Chapter 2: Understanding Data

Data structure is an important factor in understanding how data works.

Data types is also important as it defines what catagory data goes into and also helps with data analysis.

FIGURE_2 1_Person_Data

Person Data

Let's explore some of the most common data types that give structured data its structure.

Character: The character data type limits data entries to allow only allow valid characters.Depending on your needs, multiple data types are available that can enforce character limits.

Alphanumeric: The most widely used data type for storing character data. Data element contains both numbers and letters. For example To accurately represent a given street address, both the house number and the street name are required.

Each database software has its unique method of implementing character data types to handle the nuances related to character data. The most significant difference has to do with how much data a particular data element can contain.

Unstructured Data Types

While much of the data we use to record transactions is highly structured, most of the world's data is unstructured. Unstructured data is any type of data that does not fit neatly into the tabular model.

Categories of data

Quantitative vs. Qualitative Data Quantitative data consists of numeric values. Qualitative data consists of frequent text values.

Discrete vs. Continuous Data Numeric data comes in two different forms: discrete and continuous. Instead of counting, when you measure things like height and weight, you are collecting continuous data. While whole numbers represent discrete data, continuous data typically need a decimal point. Another way to think about it is that discrete data is useful when you have things you want to count Instead of counting, when you measure things like height and weight, you are collecting continuous data.

Categorical Data In addition to quantitative, numeric data, there is categorical data. Text data with a known, finite number of categories is categorical.

Dimensional Data Dimensional modeling is an approach to arranging data to facilitate analysis.

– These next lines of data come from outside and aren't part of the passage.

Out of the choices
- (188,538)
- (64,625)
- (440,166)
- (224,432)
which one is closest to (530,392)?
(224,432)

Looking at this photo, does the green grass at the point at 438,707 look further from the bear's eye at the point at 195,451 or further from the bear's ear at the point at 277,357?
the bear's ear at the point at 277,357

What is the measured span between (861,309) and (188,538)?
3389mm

Dimensional modeling organizes data into fact tables and dimension tables. Fact tables store measurement data that is of interest to a business. A table holding appointment data would be called a fact table. Dimensions are tables that contain data about the fact. For appointment data, the veterinarian's office manager may want to understand who was at an appointment and if any procedures were performed.

FIGURE_2 18_Dimension_illustration

Common Data Structures

In order to facilitate analysis, data needs to be stored in a consistent, organized manner. When considering structured data, several concepts and standards inform how to organize data.

Structured Data Tabular data is structured data, with values stored in a consistent, defined manner, organized into columns and rows.

Unstructured Data Unstructured data is qualitative, describing the characteristics of an event or an object. Images, phrases, audio or video recordings, and descriptive text are all examples of unstructured data.

Semi-Structured Data Semi-structured data is data that has structure and that is not tabular. Email is a well-known example of semi-structured data. Every email message has structural components, including recipient, sender, subject, date, and time. However, the body of an email is unstructured text, while attachments could be anything type of file.

Text Files Text files are one of the most commonly used data file formats. As the name implies, they consist of plain text and are limited in scope to alphanumeric data. One of the reasons text files are so widely adopted is their ability to be opened regardless of platform or operating system without needing a proprietary piece of software. Whether you are using a Microsoft Windows desktop, an Apple MacBook, or a Linux server, you can easily open a text file. Text files are also commonly referred to as flat files.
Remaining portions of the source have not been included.